Me levanto. Busco el celular y a las 3:41 am llamo a la línea de emergencias, me piden una información que no tengo, me preguntan quienes son y la dirección exacta. Repito, no se nada sólo veo la sombra agresiva del patriarcado que golpea ese cuerpo de mujer. Insisto, estoy desde mi balcón, señor agente, es imposible saber quienes son, seguramente no los conozco, están cerca, si quiere venga a mi casa y le muestro desde aquí. Finalmente doy las señas, prometen enviar la patrulla. Han pasado quince minutos y no pasa nada, permanecí esperando en el balcón. Llamo nuevamente, me comentan que no enviaron la patrulla porque en el sector no se reportaron gritos o ruidos que confirmaran mi llamado.

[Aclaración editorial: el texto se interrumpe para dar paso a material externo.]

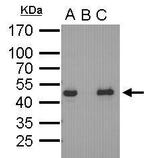 OCT4 Antibody in Immunoprecipitation (IP)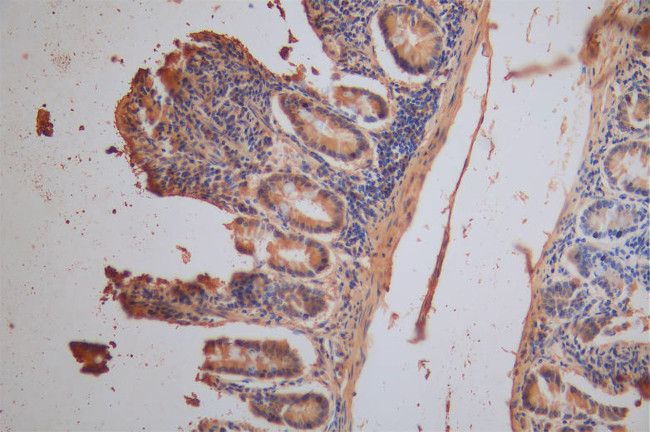 XPNPEP1 Antibody in Immunohistochemistry (Paraffin) (IHC (P))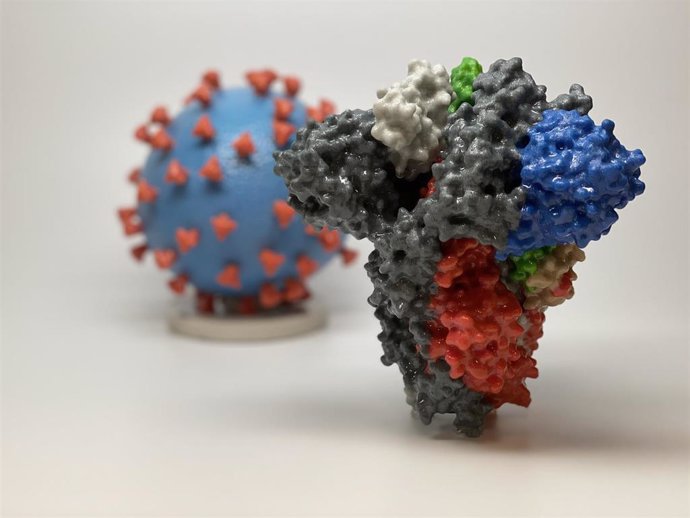 En segundo plano, representación tridimensional del Instituto estadounidense de Alergia y Enfermedades Infecciosas (NIAID) que muestra el SARS-CoV-2, también conocido como 2019-nCoV, el virus que causa COVID-19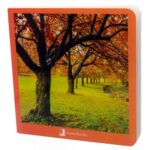 Libro de cartón con imágenes reales de otoño nowordbooks fotografías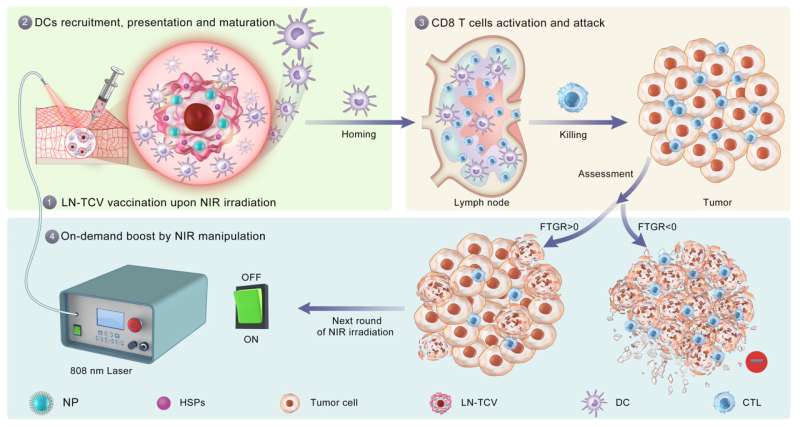 Researchers develop “on-demand” whole tumor cell vaccine against cancer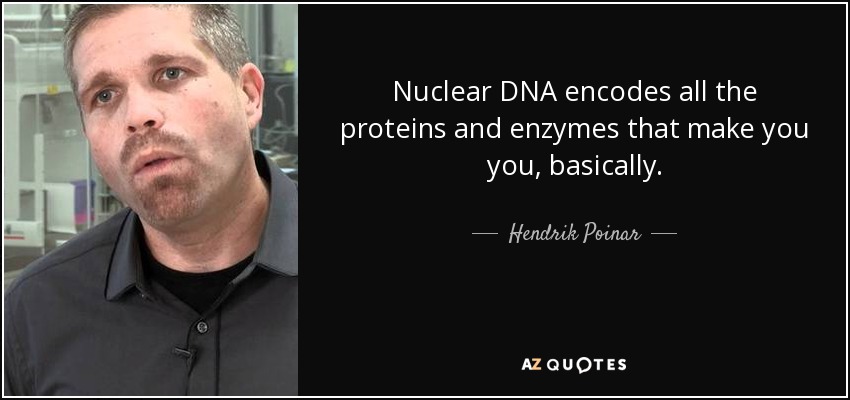 Nuclear DNA encodes all the proteins and enzymes that make you you, basically. - Hendrik Poinar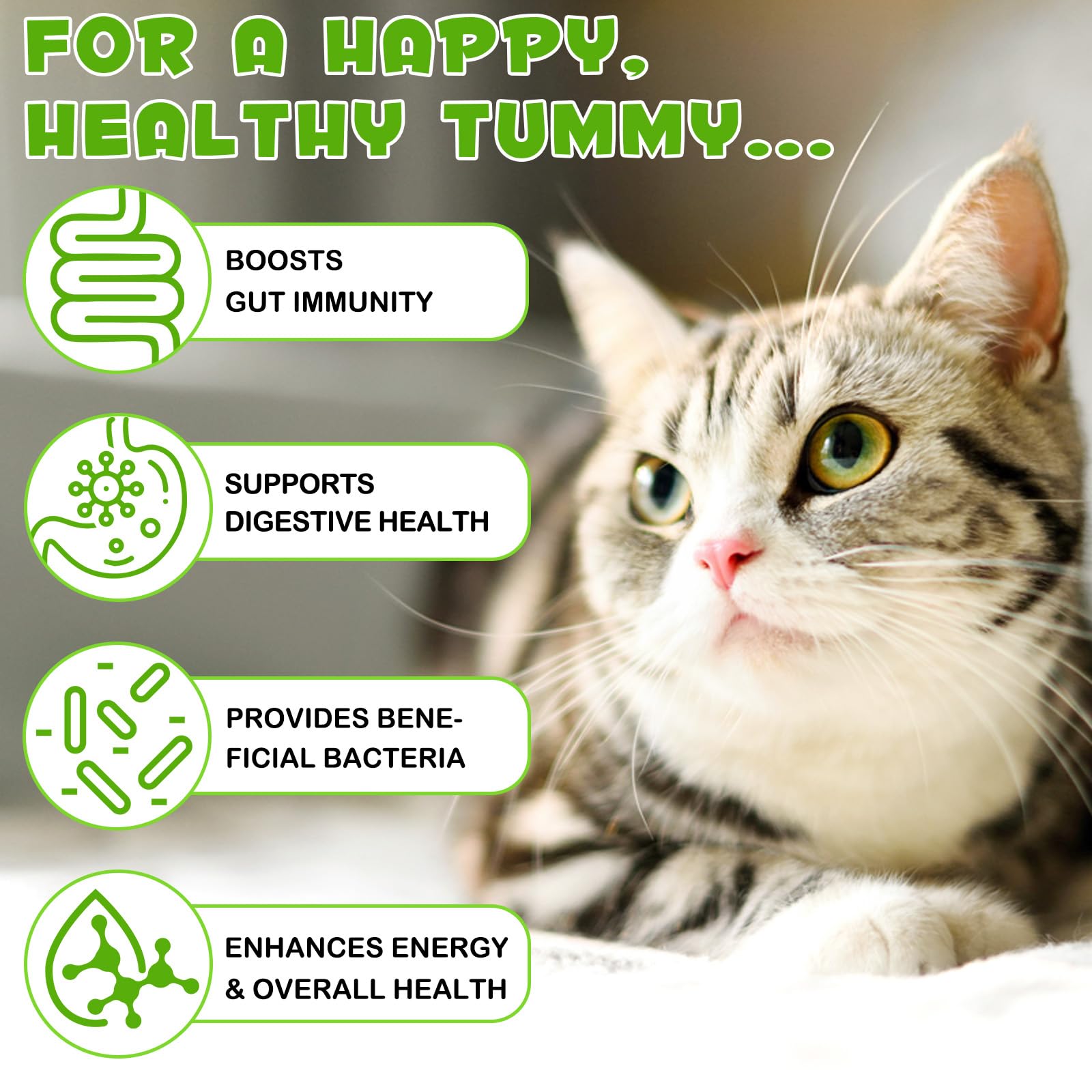 FANGCUN digestive enzymes for cats aid nutrient absorption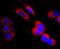 Interleukin 7 antibody, NBP2-67277, Novus Biologicals, Immunofluorescence image 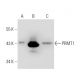 PRMT1 Antibody (PRMT1-171) - Western Blotting - Image 46590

Sigo aquí, ya no se ven las sombras y la ventana está cerrada. No pude volver a dormir, la angustia de saber a una mujer golpeada, frente a mis ojos y la impotencia por no haber ayudado ahora se apoderan de mi. La certidumbre de saber que, en este momento, tan cerca de mi, a una hermana de la vida la están golpeando o matando me agobia, saber que las campañas, las leyes, los discursos resultan tan ineficaces frente a la abrumadora cotidianidad de la violencia de género me hace sentir sin esperanzas. Como a Delgadina y a Lolita a esa mujer la ha silenciado la noche, la sociedad indiferente, la cuarentena, la institucionalidad. Su historia será contada otro día, por el macho agresor que alardeará con sus amigos y se regodeará en los placeres de la violencia, será reproducida por el sistema, como amenaza perenne a la vida e integridad de todas, así funciona el temible mandato de masculinidad.

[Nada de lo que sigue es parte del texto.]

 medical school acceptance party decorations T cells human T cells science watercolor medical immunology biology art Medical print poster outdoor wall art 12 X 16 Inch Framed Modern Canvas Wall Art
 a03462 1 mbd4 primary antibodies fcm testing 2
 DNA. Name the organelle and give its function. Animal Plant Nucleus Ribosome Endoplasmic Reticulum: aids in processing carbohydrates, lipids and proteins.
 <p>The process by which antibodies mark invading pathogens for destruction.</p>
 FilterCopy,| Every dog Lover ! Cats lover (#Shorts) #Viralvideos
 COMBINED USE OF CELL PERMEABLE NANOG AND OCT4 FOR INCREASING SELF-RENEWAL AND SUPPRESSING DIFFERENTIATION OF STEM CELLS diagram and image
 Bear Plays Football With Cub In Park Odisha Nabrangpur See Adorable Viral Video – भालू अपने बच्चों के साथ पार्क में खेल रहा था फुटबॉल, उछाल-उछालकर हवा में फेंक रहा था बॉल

Hoy puedo salir. No necesito comprar nada, pero quiero comprobar si las sombras fueron reales. Salgo del edificio, camino a la droguería que está cerca de la casa de las sombras, finjo preguntar por vitamina c, trato de echar una mirada…pero nadie sale de esa casa. Cuando me voy a retirar, la voz de una mujer que pregunta por diclofenaco o cualquier gel desinflamatorio me hace voltear, jamás la he visto, pero su pómulo parece hinchado y sus ojos transmiten, por encima del tapaboca, la tristeza y el miedo que acompaña el alma de las mujeres victimizadas. Es ella.

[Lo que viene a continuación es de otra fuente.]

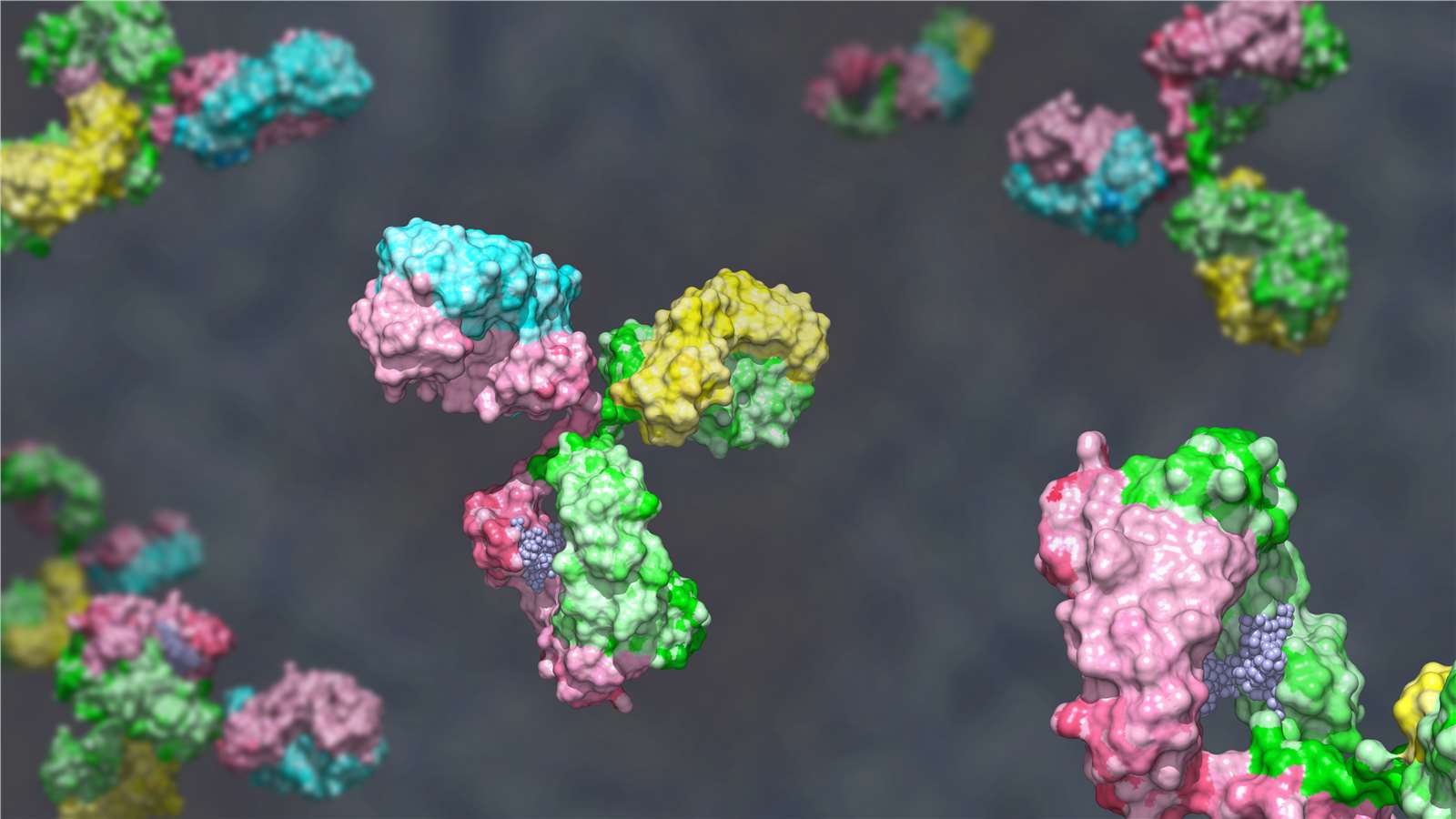 Antibodies (Creative Biolabs Authorized)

No puedo evitar mirarla, ella nota que la veo, se sube un poco más el tapaboca tratando de tapar su pómulo, quiero abrazarla decirle que estoy aquí, que puedo ayudarla, que hay líneas de atención, que el Estado está obligado a protegerla. Pero no se me ocurre sino decirle al joven que atiende la droguería: “¿me dejarías poner un aviso aquí con un número de teléfono para mujeres víctimas de violencia de género?, antes que él pudiera responderme, ella contesta: «Mi hermana denunció al marido, la policía se lo llevó, estuvo una semana donde mis padres, volvió ayer a su casa y anoche le dio más duro que siempre”. Tomó las monedas que estaban sobre el mostrador y se fue tan rápido que no alcancé a decir nada. Mientras caminaba, la sombra del patriarcado violento parecía perseguirla.